What is required.
Once you reach the line with "レストラン ファロ 資生堂", copy it and every line after it exactly, up to the end of the data. Omit the pictures.
+++ Source data +++
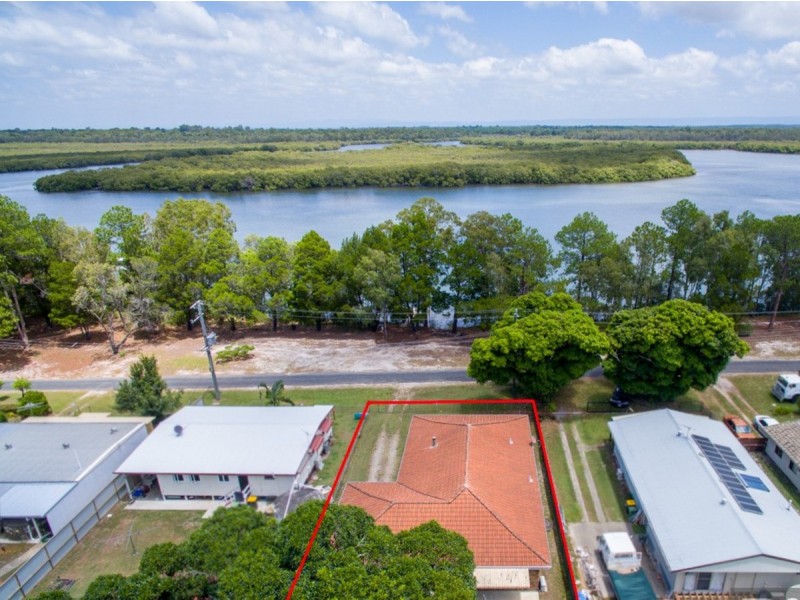 19 Moffat Esplanade, Toorbul QLD 4510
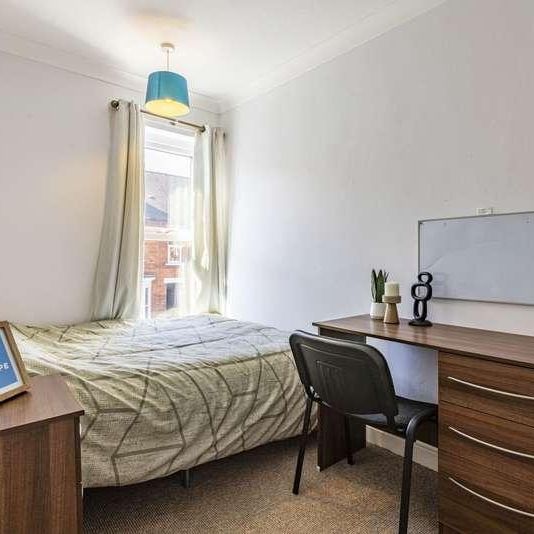 Kirkby Street - Bed, LN5 - Photo 1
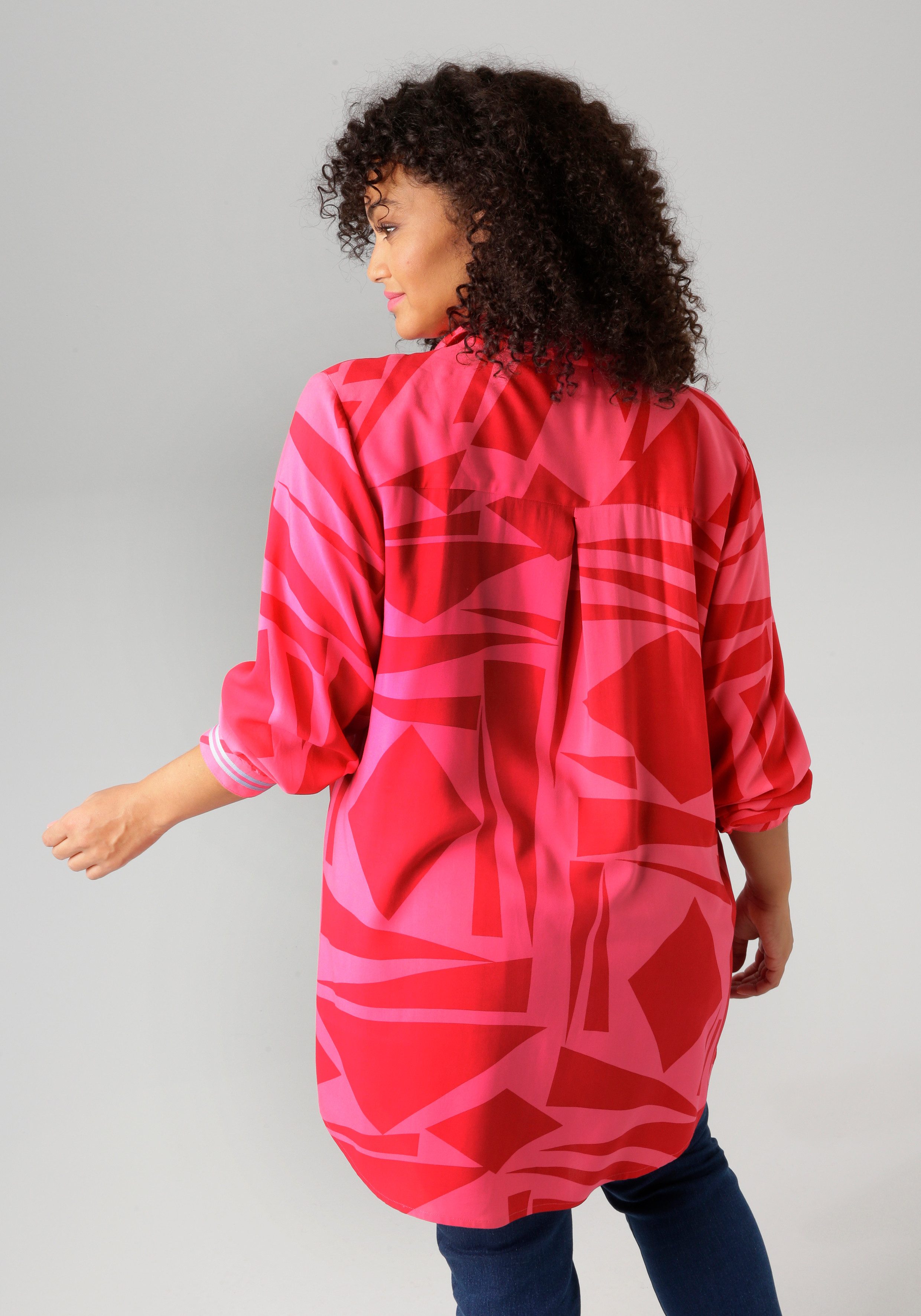 Aniston PLUS Longbluse mit farbenfrohem, großflächigem Druck günstig online kaufen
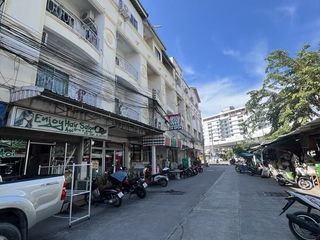For sale 6 bed retail Space in East Pattaya, Pattaya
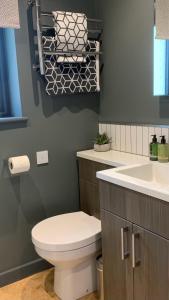 Parkside Lodge - Luxury Coastal Hideaway for Two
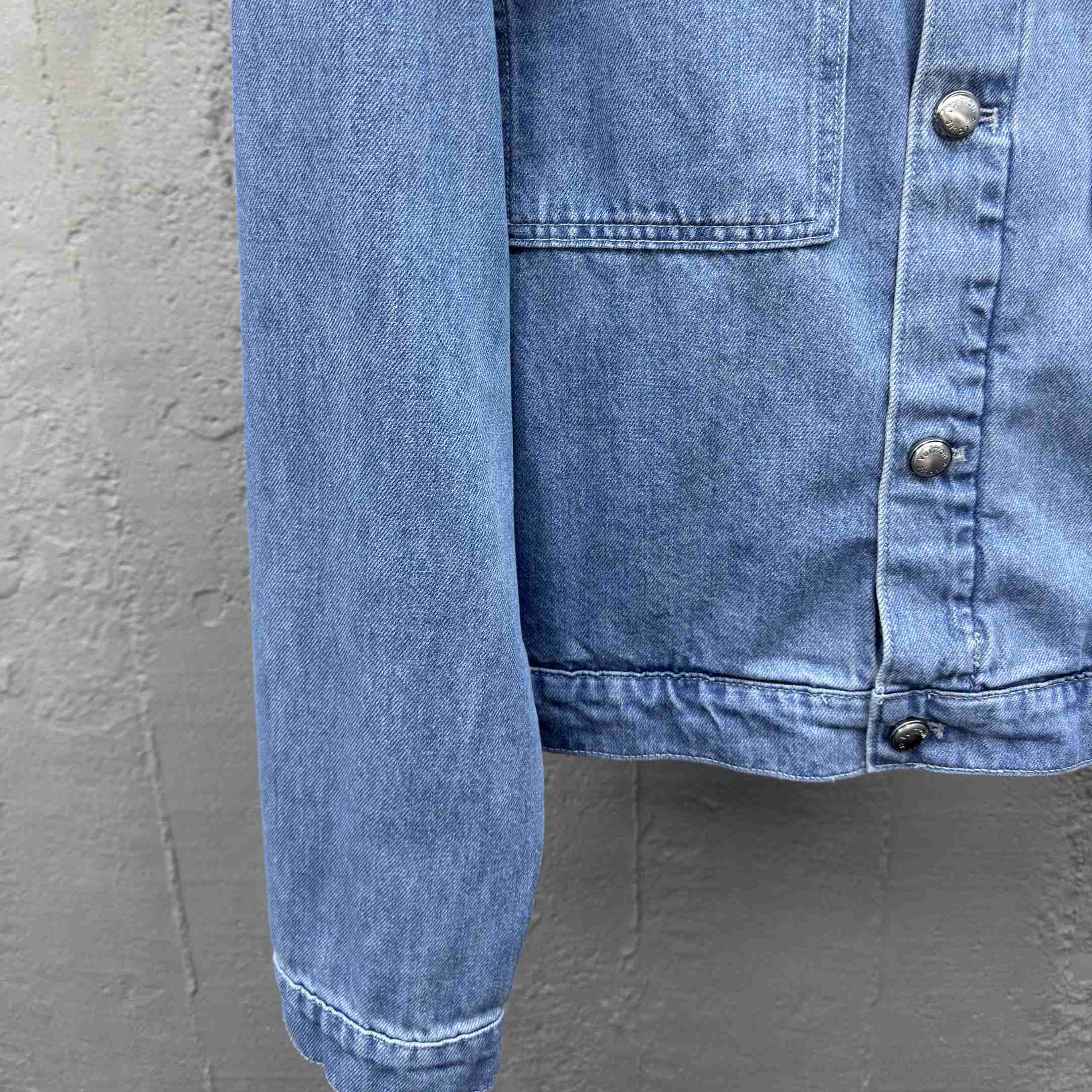 Louis Vuitton Denim Trucker Jacket  1AGING - DesignerGu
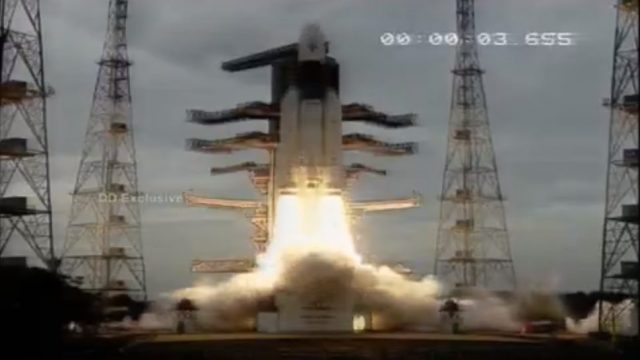 भारतले चन्द्रमामा पठायो चन्द्रयान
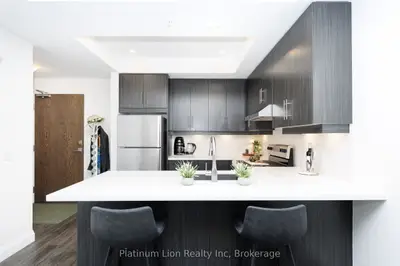 30 Hamilton Street S 201, Hamilton, On L8b 1v8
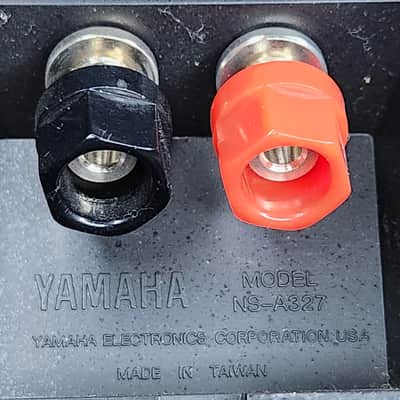 Yamaha Yamaha NS-AC 327 center channel 2-NS-A327 satellites 2006 - Black image 7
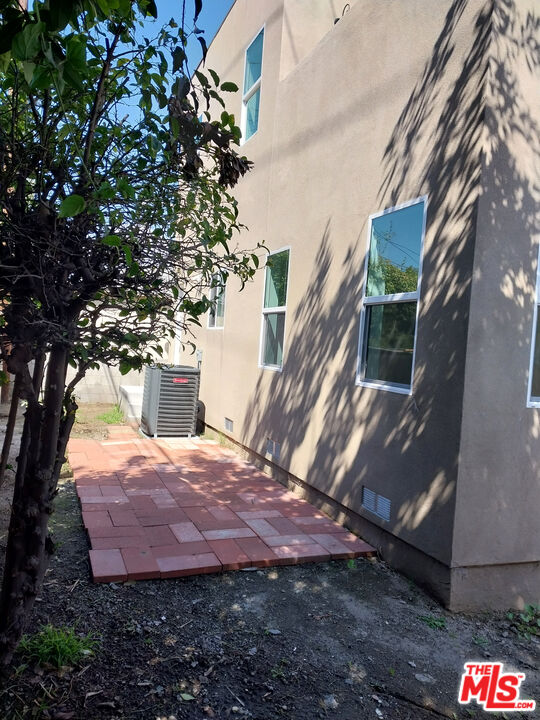 Property photo 25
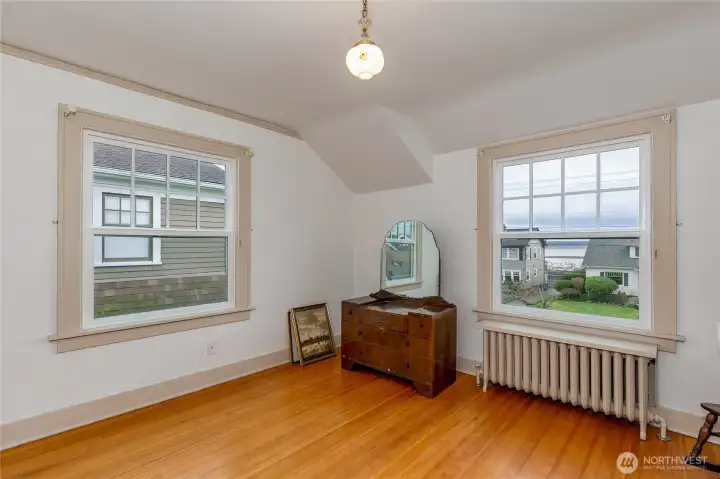 SW bedroom also enjoys some view.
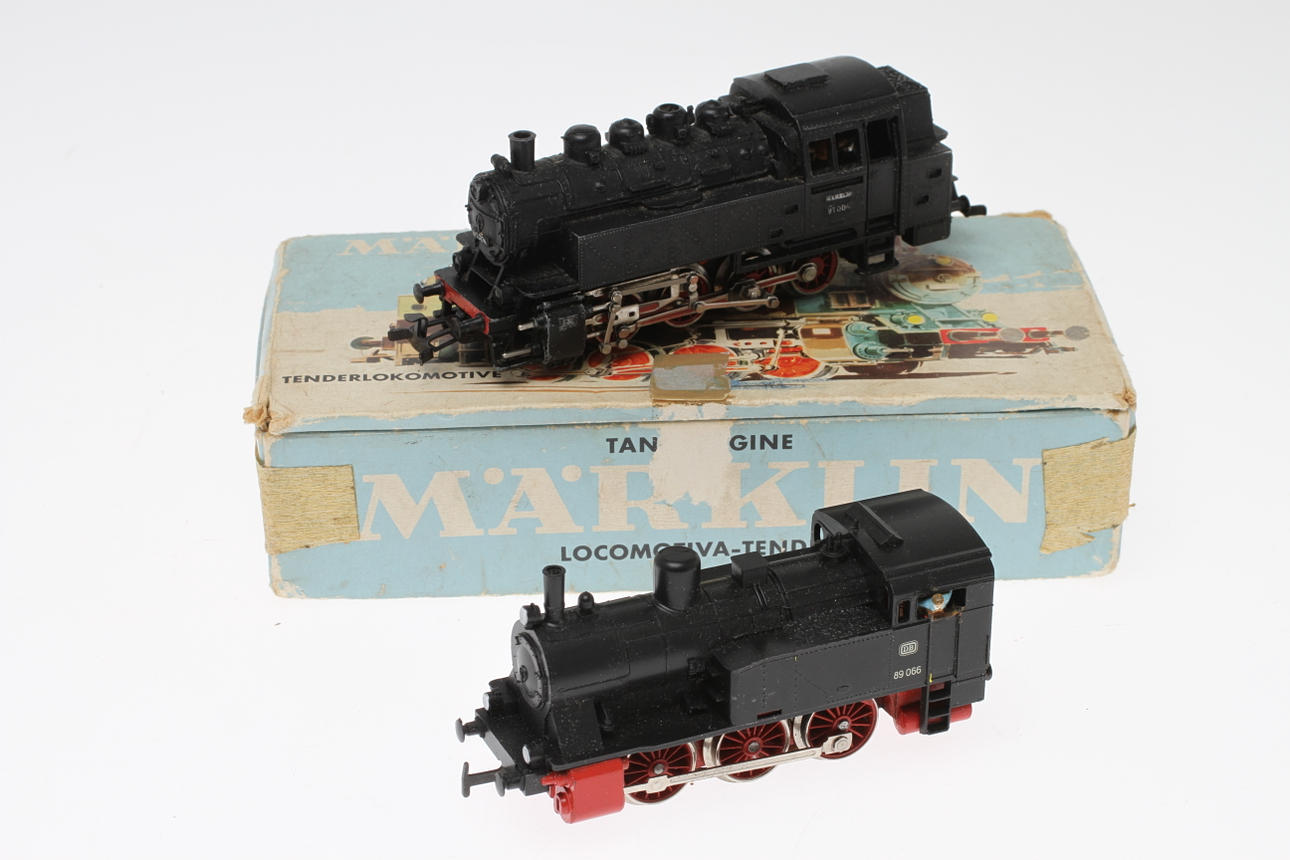 MODELLTÅG MÄRKLIN ånglok 3032 i originalkartong samt ånglokBR 89.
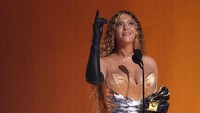 Saat Beyonce Tahan Tangis Usai Cetak Rekor di Grammy Awards 2023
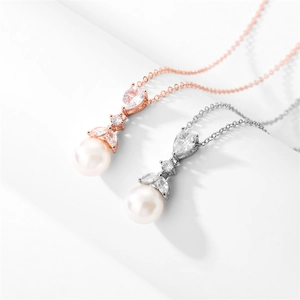 Colliers de perles élégants en or blanc et rose avec pendentifs en zircone sur fond blanc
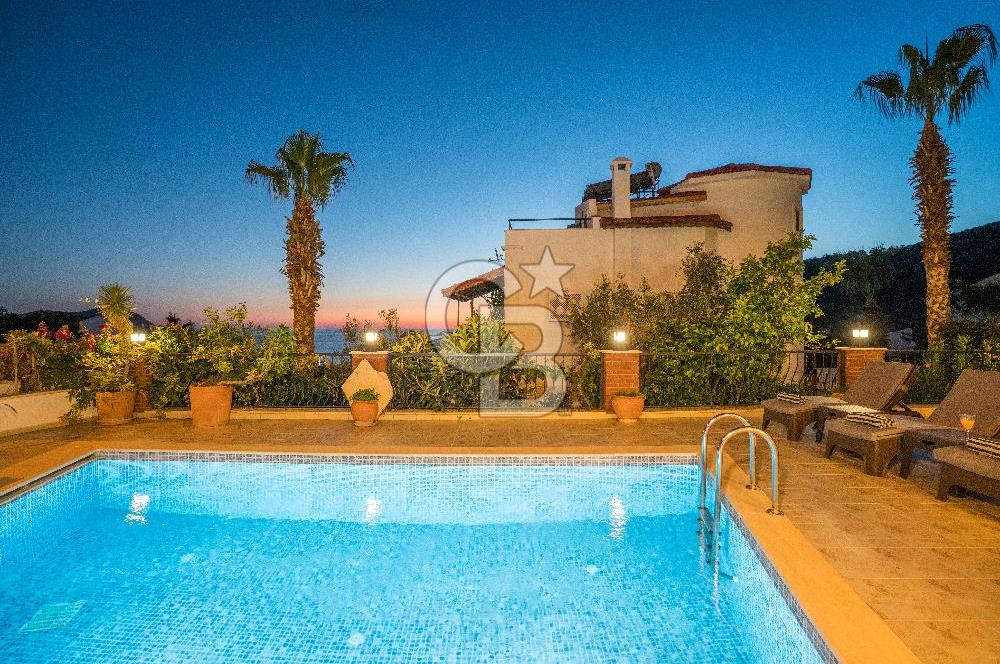 Cb Giz'den Kaş Kalkan Kızıltaş'ta 3+1 Deniz Manzaralı Villa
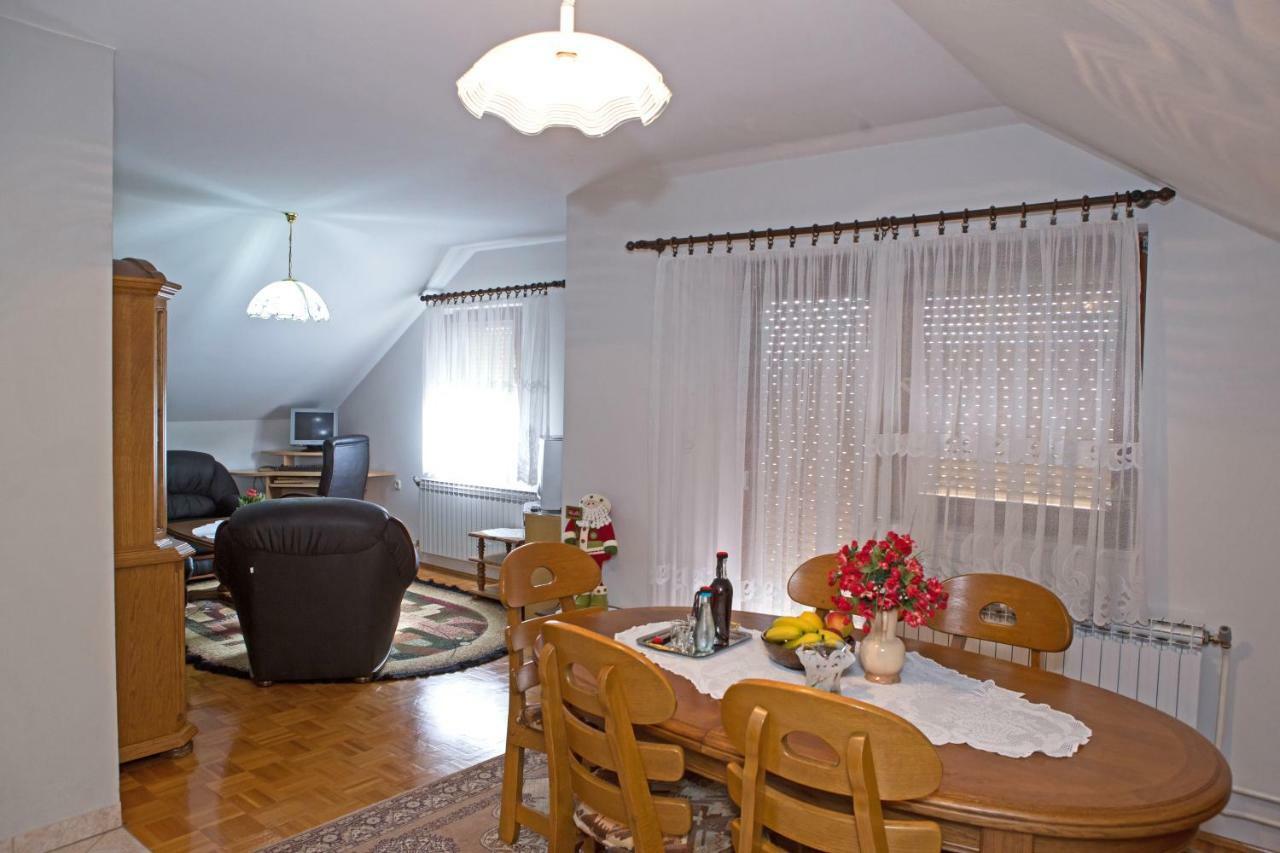 Apartman Dubravcic Lägenhet Otočac Exteriör bild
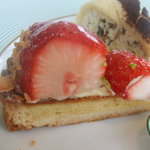 レストラン ファロ 資生堂  - いちごのタルト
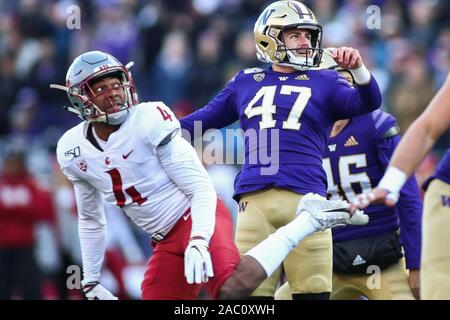 November 29, 2019: Washington Schlittenhunde kicker Peyton Henry (47) Tritt ein PAT bei einem Spiel zwischen die Washington State Cougars und Washington Schlittenhunde Husky Stadium in Seattle, WA für die 112 Apple Schale. Die Schlittenhunde gewann 31-13 ihre 7. gerade Apple Cup zu gewinnen. Sean Brown/CSM Stockfoto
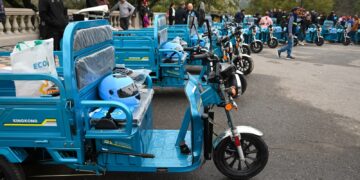 La Municipalidad entregó motovehículos a cambio de los caballos de recicladores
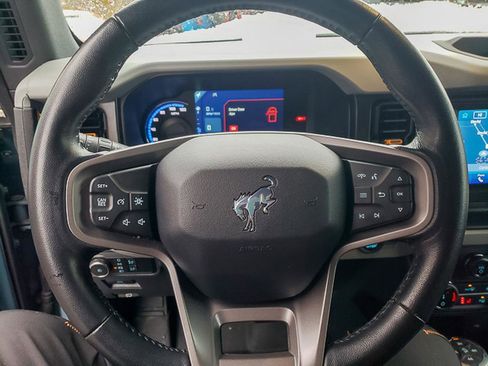 Used 2022 Ford Bronco Badlands image 15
+++
Task solution.
 レストラン ファロ 資生堂  - いちごのタルト
 November 29, 2019: Washington Schlittenhunde kicker Peyton Henry (47) Tritt ein PAT bei einem Spiel zwischen die Washington State Cougars und Washington Schlittenhunde Husky Stadium in Seattle, WA für die 112 Apple Schale. Die Schlittenhunde gewann 31-13 ihre 7. gerade Apple Cup zu gewinnen. Sean Brown/CSM Stockfoto
 La Municipalidad entregó motovehículos a cambio de los caballos de recicladores
 Used 2022 Ford Bronco Badlands image 15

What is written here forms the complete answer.